Over 440 million Android phones have been exposed to an obnoxious advertising plugin hidden within hundreds of popular applications available via Google Play, which ultimately can render phones almost unusable.
Lookout Research discovered the plugin being bundled with 238 unique applications that have racked up millions of downloads between them – all from one company in China, CooTek. Dubbed BeiTaPlugin, the ad module forcibly displays ads on the user’s lock screen, triggers video and audio advertisements (even while the phone is asleep) and displays out-of-app ads in other areas too.
“Users have reported being unable to answer calls or interact with other apps, due to the persistent and pervasive nature of the ads displayed,” Lookout said in a posting on Tuesday.
Developers of free mobile apps turn to advertising plugins to monetize their wares. These automatically fetch ads at specified times to display, usually within the context of the application itself. For instance, when a player completes a level in a mobile game, he usually has to suffer through a 30-second ad before being able to go onto the next challenge.

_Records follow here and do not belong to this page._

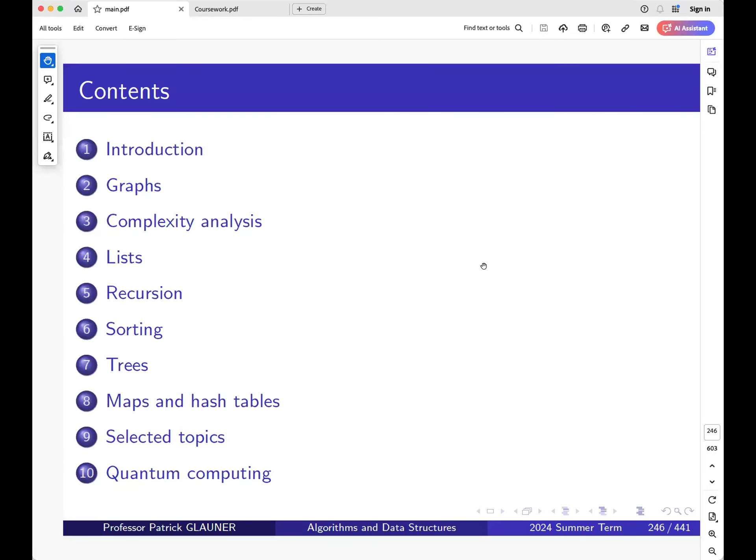Good afternoon, and welcome to the next lecture on algorithms and data structures.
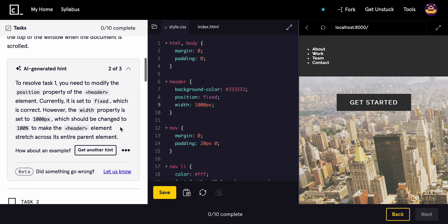You need to modify the header. Currently, it's set to fixed. However, the property should be set to 100 percent. Sorry, that makes sense. 100 percent. There you go.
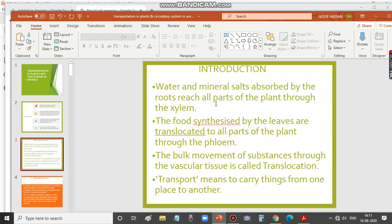This is a short introduction to transportation in plants. Both water and food have to be transported. Water and mineral salts absorbed by the roots reach all parts of the plant through xylem. So xylem is the component through which water and mineral salts absorbed by the roots reach all parts of the plant.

However, out-of-app ads skirt the line between legitimate business modeling and obtrusive scamminess by pushing pop-up ads to users when they’re doing other things. The offending app could push an ad to the notification area of the phone, or present a pop-up anywhere, anytime – and the unfortunate part is that the user wouldn’t know which app is the one being obnoxious.
Users in the on an Android forum discussion summed it up:
BeiTaPlugin takes this dodgy practice to an entirely new level, according to Lookout, by employing obfuscation techniques normally reserved for standard malware in order to hide from utilities that block or detect out-of-app ad plugins.
For instance, it takes a little sleep before swinging into action. “These ads do not immediately bombard the user once the offending application is installed, but become visible at least 24 hours after the application is launched,” the researchers said. “For example, obtrusive ads did not present themselves until two weeks after the application ‘Smart Scan’ had been launched on a Lookout test device.”
The BeiTaPlugin also hides its true nature by appending fake file names and suffixes to its components. It names itself “icon-icomoon-gemini.renc” in the system files – purporting to be a legitimate application called Icomoon, which is an application that provides vector icon packs for designer and developer use. One of those icon packs is named Gemini.
“Malware authors commonly employ this technique of renaming executable files to other file types (pdf, jpg, txt) to hide malicious assets in plain sight,” researchers said. “In both cases, the .rec or .renc filetype suffix is intentionally misleading; the file is actually .dex (Dalvik Executable) file type that contains executable code rather than an innocuous .renc file.”
The package is also encrypted, and the AES encryption key is obfuscated through a series of connected methods and finally called for use by a package named “Hades SDK.”
“Increased encryption and obfuscation techniques are applied to hide the plugin’s existence,” explained Lookout researchers. “All strings related to plugin activity are XOR-encrypted and Base64-encoded, courtesy of a third-party library called StringFog. Each class that facilitates the loading of the plugin is encrypted with its own separate key.”
BeiTaPlugin was bundled a popular keyboard app, TouchPal, as well as numerous add-ons to the TouchPal keyboard, and several popular health and fitness apps, according to Lookout. Lookout reported the malicious functionality to Google, and the adware has now been removed from all the affected apps on the Play store – although users with the apps already installed are still likely affected.
Google Play and other app stores are cracking down on the use of out-of-app advertising, so it’s likely that the BeiTaPlugin saga is a sign of things to come, researchers noted.
“This BeiTaPlugin family provides insight into future development of mobile adware,” Lookout said. “As official app stores continue to increase restrictions on out-of-app advertisements, we are likely to see other developers employ similar techniques to avoid detection.”